▸ Brief
Only the lines from the one containing "南非世界杯四强，那些令人热血沸腾的瞬间" to the end of the material are to be copied, exactly and in full; images stay out.

▸ Supplied information
-=-=-=-=-
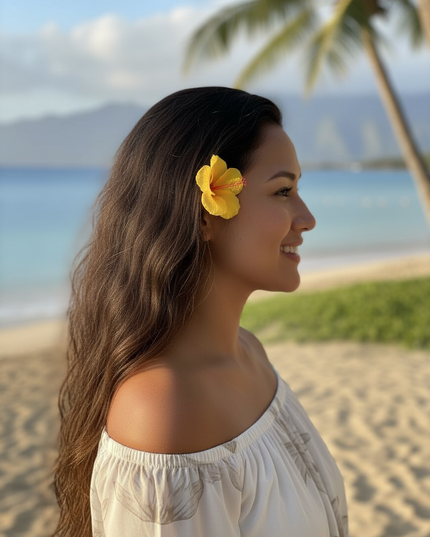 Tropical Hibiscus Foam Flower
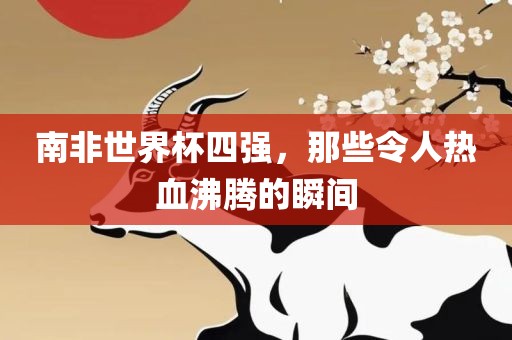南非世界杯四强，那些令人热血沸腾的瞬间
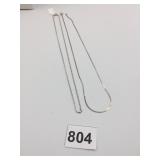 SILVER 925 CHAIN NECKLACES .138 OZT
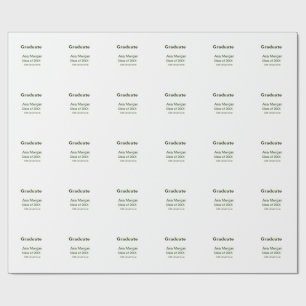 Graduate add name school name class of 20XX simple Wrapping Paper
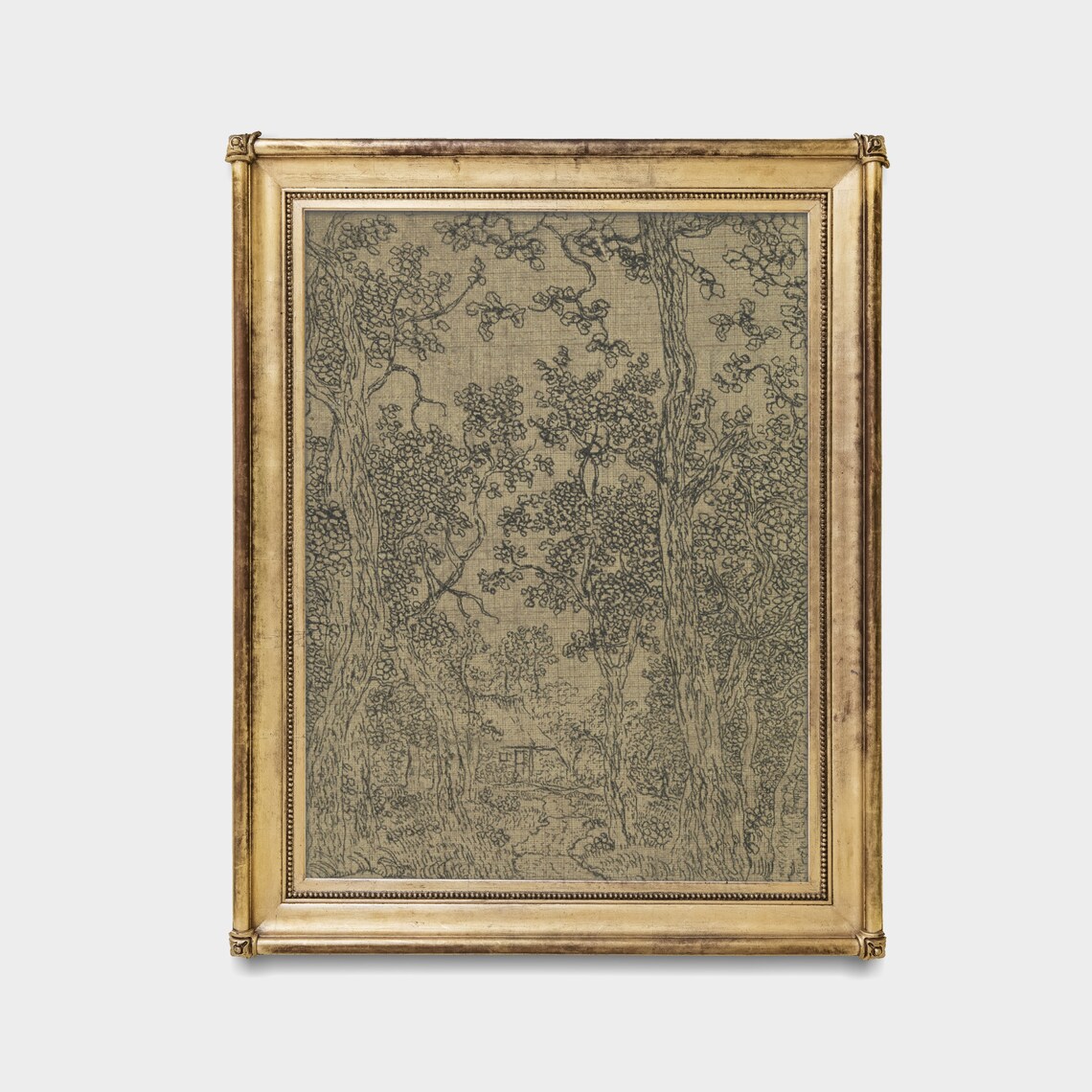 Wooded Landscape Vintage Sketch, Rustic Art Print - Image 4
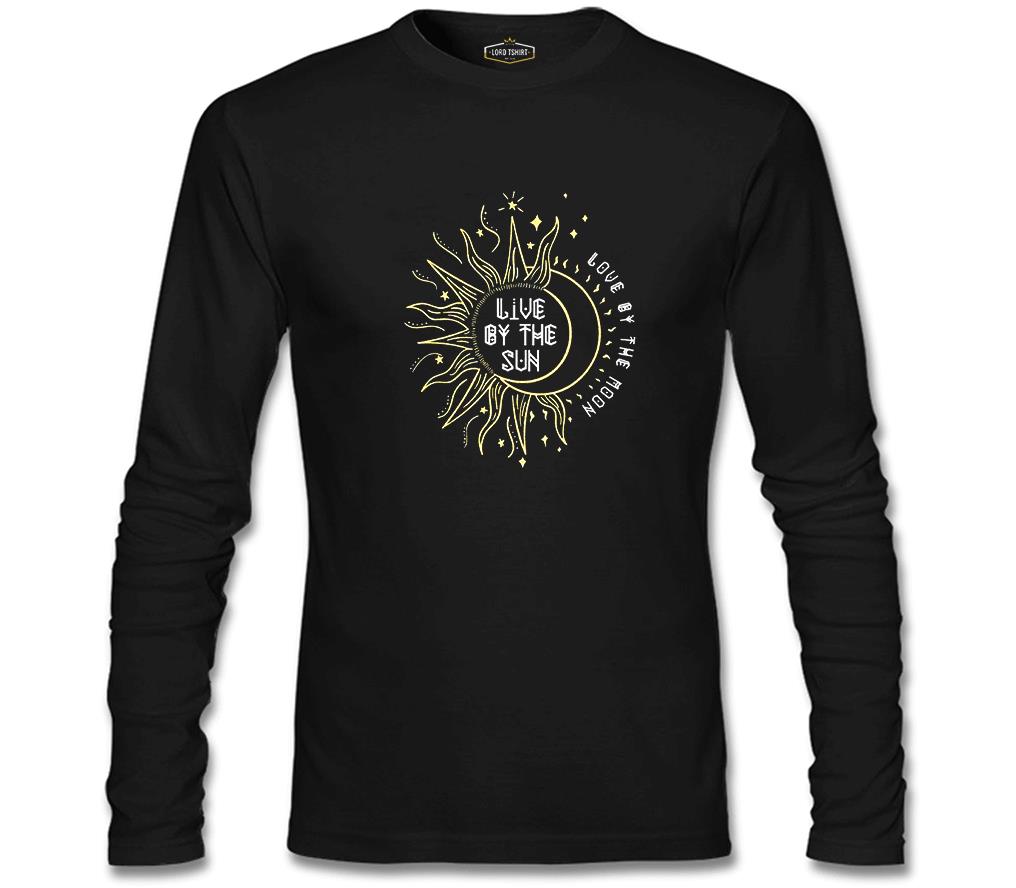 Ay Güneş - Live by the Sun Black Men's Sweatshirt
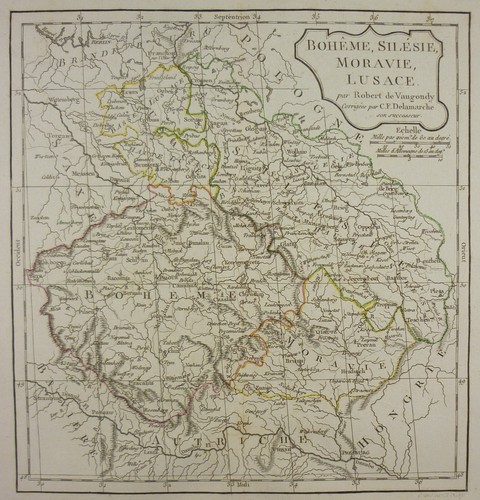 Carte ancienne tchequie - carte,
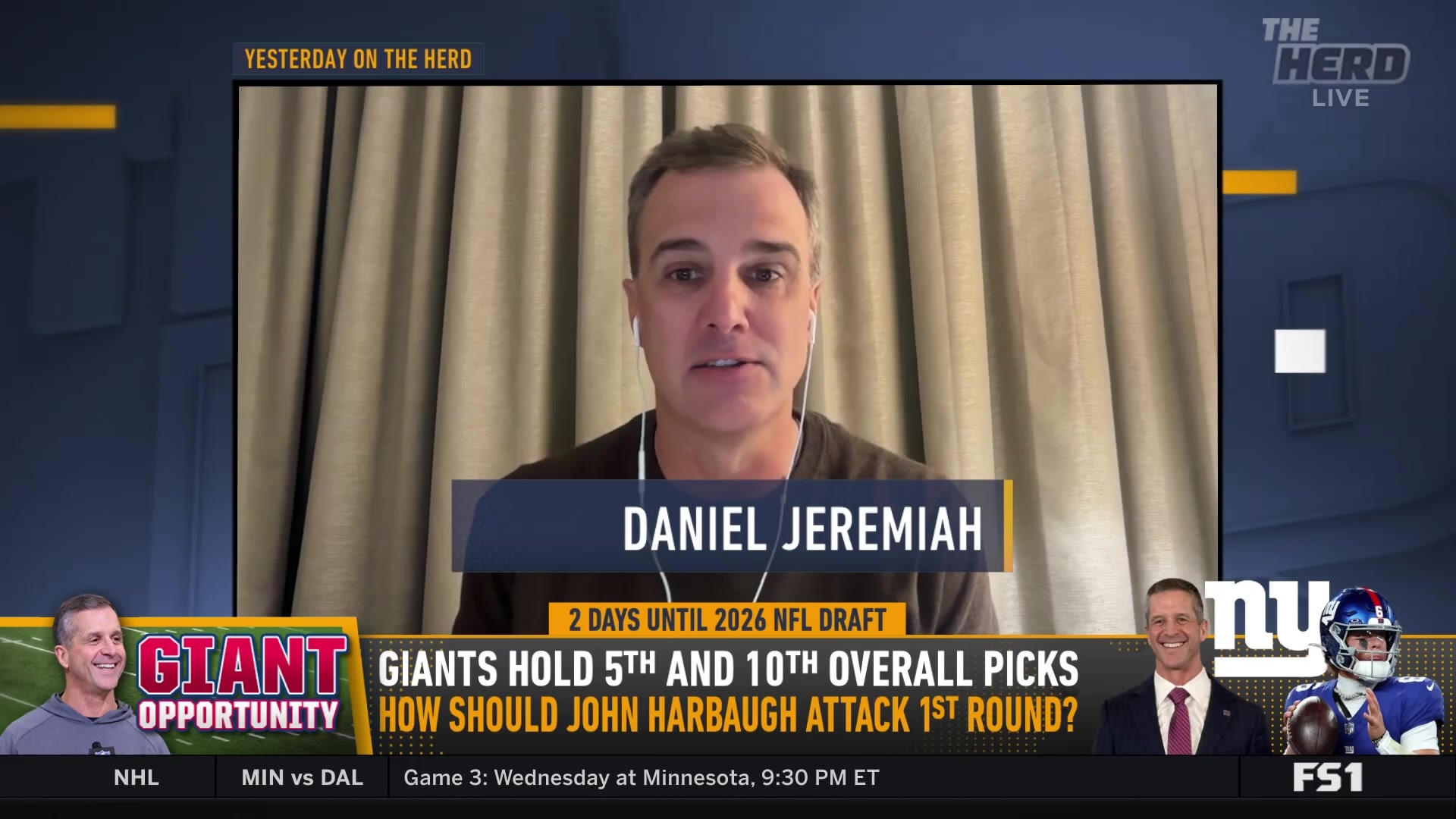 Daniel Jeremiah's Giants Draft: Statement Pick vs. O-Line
-=-=-=-=-
▸ Result
南非世界杯四强，那些令人热血沸腾的瞬间
 SILVER 925 CHAIN NECKLACES .138 OZT
 Graduate add name school name class of 20XX simple Wrapping Paper
 Wooded Landscape Vintage Sketch, Rustic Art Print - Image 4
 Ay Güneş - Live by the Sun Black Men's Sweatshirt
 Carte ancienne tchequie - carte,
 Daniel Jeremiah's Giants Draft: Statement Pick vs. O-Line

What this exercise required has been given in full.